Dropping every picture, set down exactly the lines in the entries below, starting with the line with "MIORA 925 Sterling" and going on through the line with "V By Very Puff Sleeve Mini Dress - Blue".

RECORDS PROVIDED:
[Start of section]

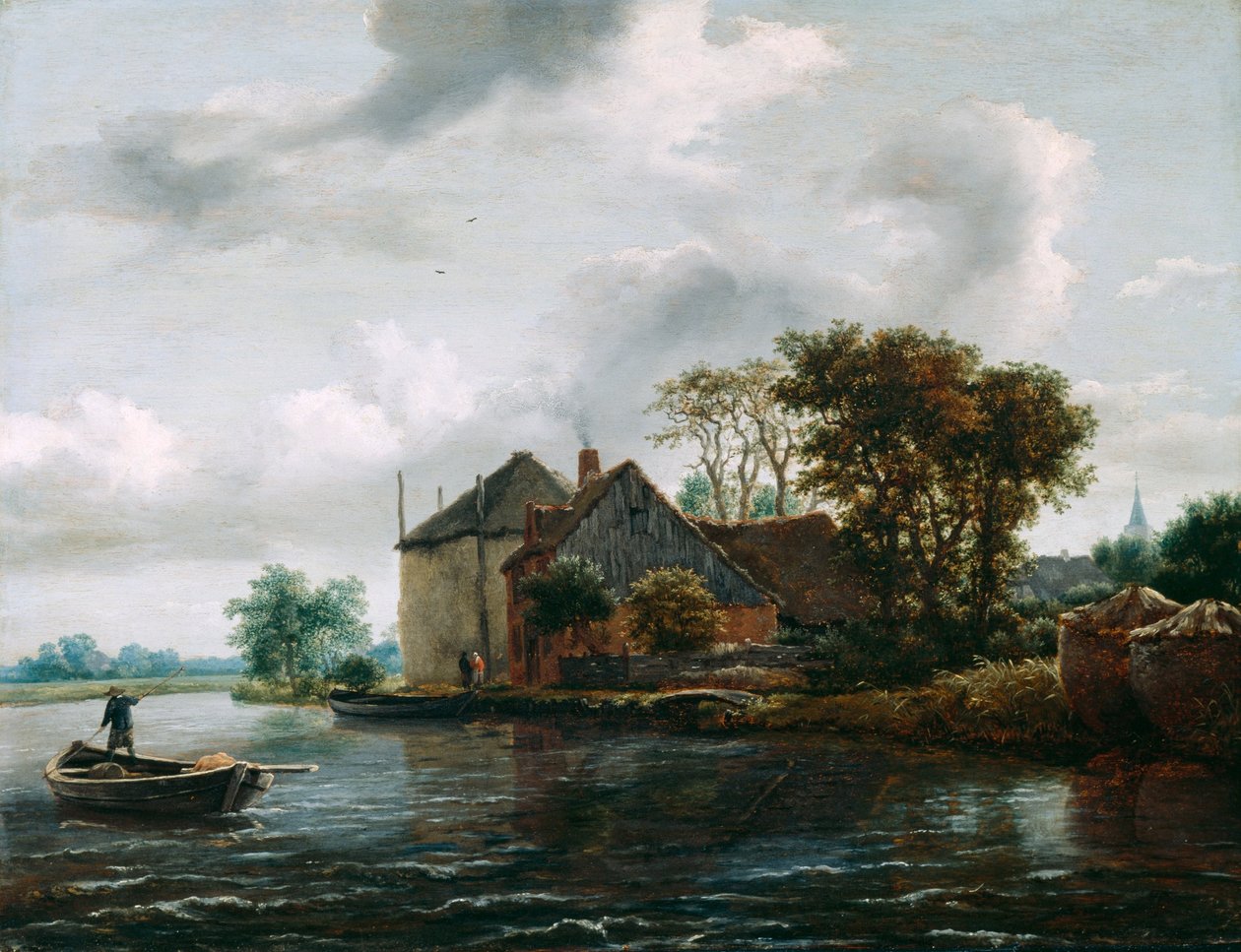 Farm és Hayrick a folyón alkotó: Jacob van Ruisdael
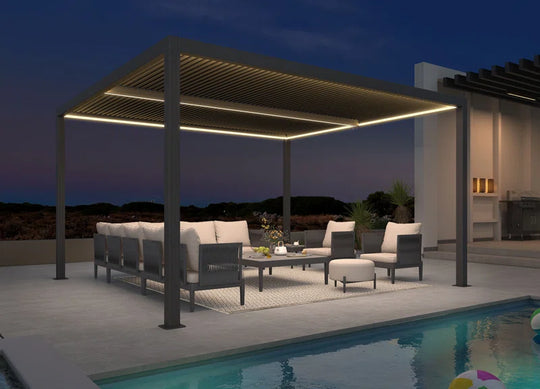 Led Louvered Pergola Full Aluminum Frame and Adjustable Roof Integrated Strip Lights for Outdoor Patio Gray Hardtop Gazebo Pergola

[End of section]
[Start of section]

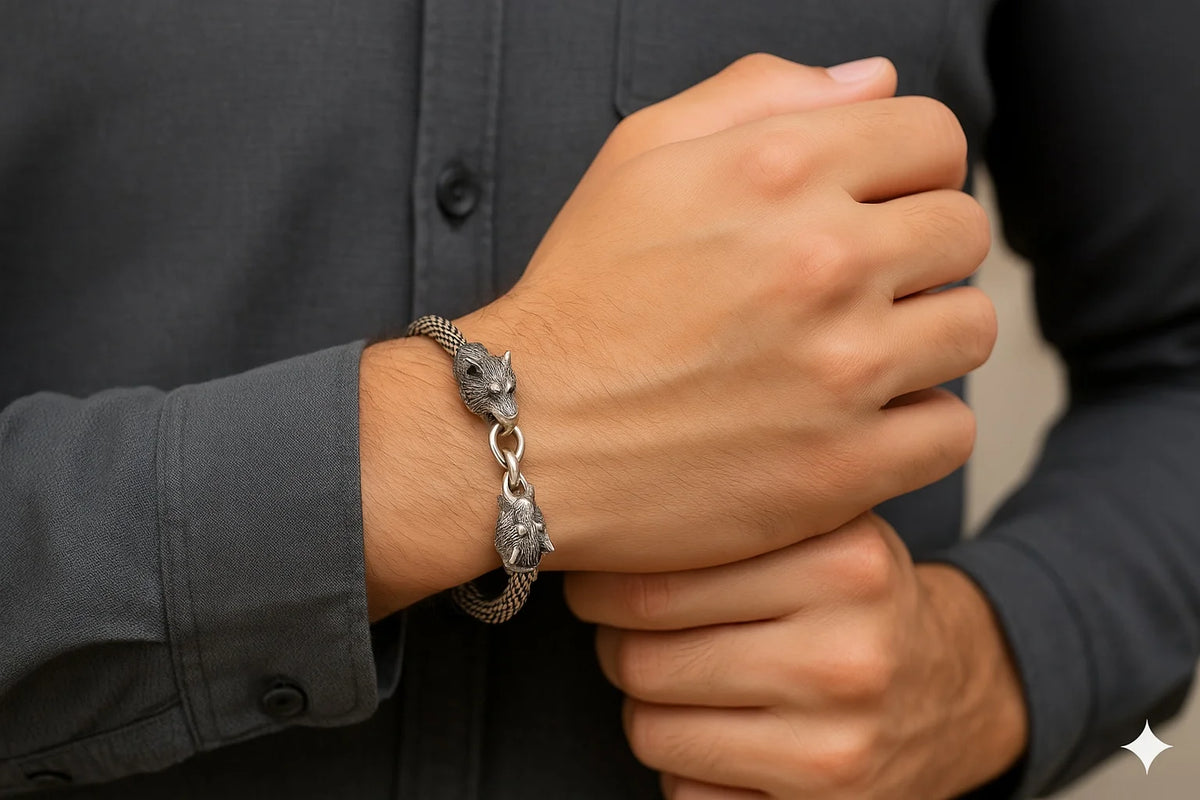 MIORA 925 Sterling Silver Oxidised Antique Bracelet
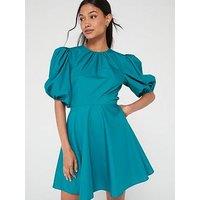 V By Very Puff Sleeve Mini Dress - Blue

[End of section]

TASK OUTPUT:
 MIORA 925 Sterling Silver Oxidised Antique Bracelet
 V By Very Puff Sleeve Mini Dress - Blue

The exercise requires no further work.